The bitter life
Life in the spinning mill: sweat, burning and child labor in the Lombard spinning mills
The reeling is that operation that allows to obtain the silk thread from the unraveling of the silkworm cocoons. With this term, various processing steps in the production of silk yarn are indicated in the textile industry.
To soften the sericin and allow the burr to unravel and obtain the precious yarn, historically it was necessary to maintain the temperature of the water in the basin close to the 90°C: this has always involved operators having to insert their hands repeatedly in boiling water.
That of the hands was the biggest torment of the work in the mill, where the only relief was to keep a basin of cold water to give relief to the hands to calm the burning. Often the fingers were covered with very painful pustules: "the water is so hot (on the hands) of the tractors, that very easily the skin ulcerates and produced pustules, that cause them various pains. The remedies you can use are wine, vinegar and unripe grapes, or as a rule use your own urine as soothing".
Often the pain "It starts with just the redness of the fingers, then small pustules, bubbles or whitish streaks appear, until the skin breaks in some places, especially in the folds and divisions of the fingers, and leaves the flesh uncovered, and then the heartburn and pain grow out of all proportion: plantain is also beneficial, in addition to sour grapes".
Doctor Melchiori, primary surgeon of the hospital of Novi Ligure in his 1845 treatise "Hygienic observations on the reels in Novi", notes "(..) the index finger of the right hand as the one that most works in carrying the burrs under the chain and the one that most often is home to phlegmon, tendon, periosteum with phalanx necrosis" and again "In all diseases of the hands of tractors, angioleucitis is born in the arm, and blockage of the lymphatic ganglia in the armpit, which often supplant".

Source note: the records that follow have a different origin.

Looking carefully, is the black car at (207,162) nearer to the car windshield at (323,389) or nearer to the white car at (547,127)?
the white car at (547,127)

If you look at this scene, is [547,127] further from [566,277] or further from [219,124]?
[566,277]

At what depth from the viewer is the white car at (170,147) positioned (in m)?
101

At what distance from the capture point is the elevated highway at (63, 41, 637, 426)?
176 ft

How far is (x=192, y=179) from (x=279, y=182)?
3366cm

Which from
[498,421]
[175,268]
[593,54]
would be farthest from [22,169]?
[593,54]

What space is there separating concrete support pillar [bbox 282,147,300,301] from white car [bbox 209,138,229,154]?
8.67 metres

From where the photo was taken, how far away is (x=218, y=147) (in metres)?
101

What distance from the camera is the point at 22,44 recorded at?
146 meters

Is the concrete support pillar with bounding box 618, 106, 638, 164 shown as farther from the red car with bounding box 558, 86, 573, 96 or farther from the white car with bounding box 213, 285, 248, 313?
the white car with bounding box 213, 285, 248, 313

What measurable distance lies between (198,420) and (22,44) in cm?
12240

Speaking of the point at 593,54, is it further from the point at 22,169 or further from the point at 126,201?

It should be remembered that the water of the basins as well as hot was often hideously smelly: to facilitate the soaking of sericin, small dead animals were often putrefied in the sedimentation tanks or were added to the water of rye bran per 100 hectolitres of water, or rotten potatoes that helped to dissolve the incrustations of the boilers, or again to rot rye straw on the bottom of the sedimentation tank to remove the crudity of the water, or it was made to rot mallow in the decantation tanks.
The spinners always had a bucket of cold water at their disposal to dip their fingers when they were aching too much, but this handling of ladles and shovels, cold water from the bucket and hot from the basin very often bodice and petticoat of the spinners always ended up getting wet, which mixed with steam, sweat, smoke and ash completed the picture of the daily pain of the spinners.
After all, cleaning and hygiene were not particularly practiced: the abundant sweat in the chest, armpits and abdominal walls, irritated the skin and excoriated it. Often the "cleanness of the covered parts, that the low people dodge so much, unkempt harms and provokes in such parts, and inside the thighs, rice-like phlegms, abrasions and ulcers".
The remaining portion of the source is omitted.